- _Work required_: Which lines of the records hold the string "plate"? Report only how many of them there are.

[Scraped caption text data]
----------------------------------------

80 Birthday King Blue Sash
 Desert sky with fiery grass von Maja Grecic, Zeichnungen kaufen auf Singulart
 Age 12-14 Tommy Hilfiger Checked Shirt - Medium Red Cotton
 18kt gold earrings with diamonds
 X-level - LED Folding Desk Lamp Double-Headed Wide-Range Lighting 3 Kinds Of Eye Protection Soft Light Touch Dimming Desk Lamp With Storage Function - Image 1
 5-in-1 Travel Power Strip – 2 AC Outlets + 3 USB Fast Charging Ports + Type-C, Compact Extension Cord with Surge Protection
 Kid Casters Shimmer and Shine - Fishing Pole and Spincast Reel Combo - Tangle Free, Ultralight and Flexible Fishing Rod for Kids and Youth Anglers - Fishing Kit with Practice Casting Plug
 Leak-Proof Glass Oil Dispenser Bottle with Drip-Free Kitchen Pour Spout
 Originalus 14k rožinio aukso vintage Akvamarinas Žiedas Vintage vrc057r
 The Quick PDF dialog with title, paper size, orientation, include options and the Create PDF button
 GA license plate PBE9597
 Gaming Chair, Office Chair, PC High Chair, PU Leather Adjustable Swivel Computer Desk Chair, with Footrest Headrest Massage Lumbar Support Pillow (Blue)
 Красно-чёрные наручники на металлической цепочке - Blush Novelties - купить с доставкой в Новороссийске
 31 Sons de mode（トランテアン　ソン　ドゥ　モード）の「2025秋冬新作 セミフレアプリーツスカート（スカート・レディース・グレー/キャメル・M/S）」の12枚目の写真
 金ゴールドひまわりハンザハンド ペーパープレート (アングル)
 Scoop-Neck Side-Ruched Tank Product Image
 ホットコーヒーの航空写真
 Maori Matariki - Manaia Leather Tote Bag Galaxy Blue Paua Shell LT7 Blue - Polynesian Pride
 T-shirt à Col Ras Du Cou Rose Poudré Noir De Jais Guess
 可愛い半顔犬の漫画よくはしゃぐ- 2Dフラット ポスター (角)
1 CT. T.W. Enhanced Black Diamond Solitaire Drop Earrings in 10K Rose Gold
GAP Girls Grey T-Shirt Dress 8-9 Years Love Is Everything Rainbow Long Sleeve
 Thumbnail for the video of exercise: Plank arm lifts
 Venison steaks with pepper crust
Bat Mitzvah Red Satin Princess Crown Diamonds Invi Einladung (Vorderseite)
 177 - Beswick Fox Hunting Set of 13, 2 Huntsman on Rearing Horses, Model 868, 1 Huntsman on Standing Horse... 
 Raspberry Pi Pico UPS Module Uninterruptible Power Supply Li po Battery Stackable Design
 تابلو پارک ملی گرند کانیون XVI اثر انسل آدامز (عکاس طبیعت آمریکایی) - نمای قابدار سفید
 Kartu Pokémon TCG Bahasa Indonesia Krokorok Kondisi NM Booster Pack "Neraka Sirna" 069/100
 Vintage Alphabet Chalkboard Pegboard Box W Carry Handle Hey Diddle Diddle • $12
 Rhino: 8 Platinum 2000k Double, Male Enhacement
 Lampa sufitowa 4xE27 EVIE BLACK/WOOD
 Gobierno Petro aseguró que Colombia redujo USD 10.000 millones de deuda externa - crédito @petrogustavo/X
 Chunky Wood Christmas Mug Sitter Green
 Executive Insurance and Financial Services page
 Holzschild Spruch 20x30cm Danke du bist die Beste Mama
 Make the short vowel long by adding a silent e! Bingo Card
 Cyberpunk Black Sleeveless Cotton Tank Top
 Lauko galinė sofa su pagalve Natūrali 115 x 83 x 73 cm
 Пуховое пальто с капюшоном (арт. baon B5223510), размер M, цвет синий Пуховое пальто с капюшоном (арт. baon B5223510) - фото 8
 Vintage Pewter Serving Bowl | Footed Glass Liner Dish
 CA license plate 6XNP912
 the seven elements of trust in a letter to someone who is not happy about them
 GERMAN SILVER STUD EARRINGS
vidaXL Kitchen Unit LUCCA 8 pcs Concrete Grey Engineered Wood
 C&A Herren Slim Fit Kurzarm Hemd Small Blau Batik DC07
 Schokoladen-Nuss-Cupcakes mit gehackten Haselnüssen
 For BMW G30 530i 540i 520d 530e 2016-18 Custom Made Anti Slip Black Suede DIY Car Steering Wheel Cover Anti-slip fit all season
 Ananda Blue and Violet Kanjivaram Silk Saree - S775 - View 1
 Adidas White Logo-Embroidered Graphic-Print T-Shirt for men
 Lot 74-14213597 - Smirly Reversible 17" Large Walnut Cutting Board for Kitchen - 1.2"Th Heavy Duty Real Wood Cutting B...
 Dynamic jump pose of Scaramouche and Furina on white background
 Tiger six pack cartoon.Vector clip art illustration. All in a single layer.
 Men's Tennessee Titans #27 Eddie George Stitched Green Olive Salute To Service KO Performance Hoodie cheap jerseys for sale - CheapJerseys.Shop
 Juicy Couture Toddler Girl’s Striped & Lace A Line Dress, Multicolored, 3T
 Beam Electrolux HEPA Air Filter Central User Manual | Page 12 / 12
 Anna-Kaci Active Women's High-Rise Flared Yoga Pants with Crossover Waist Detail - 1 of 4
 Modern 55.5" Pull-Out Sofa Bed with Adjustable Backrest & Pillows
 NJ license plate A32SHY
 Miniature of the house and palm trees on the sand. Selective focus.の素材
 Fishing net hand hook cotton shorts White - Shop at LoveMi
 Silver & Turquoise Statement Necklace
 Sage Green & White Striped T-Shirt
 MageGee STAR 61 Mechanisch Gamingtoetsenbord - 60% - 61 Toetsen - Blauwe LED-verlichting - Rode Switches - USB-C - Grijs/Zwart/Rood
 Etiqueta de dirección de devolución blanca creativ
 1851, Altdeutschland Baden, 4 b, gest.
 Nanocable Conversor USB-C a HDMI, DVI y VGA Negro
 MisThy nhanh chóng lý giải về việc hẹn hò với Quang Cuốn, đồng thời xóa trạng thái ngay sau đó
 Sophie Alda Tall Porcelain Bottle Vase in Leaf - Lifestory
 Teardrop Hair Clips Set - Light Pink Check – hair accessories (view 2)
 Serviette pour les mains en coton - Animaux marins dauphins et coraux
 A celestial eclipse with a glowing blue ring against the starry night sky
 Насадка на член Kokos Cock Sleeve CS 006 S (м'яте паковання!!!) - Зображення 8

----------------------------------------

- _Solution to this problem_: 3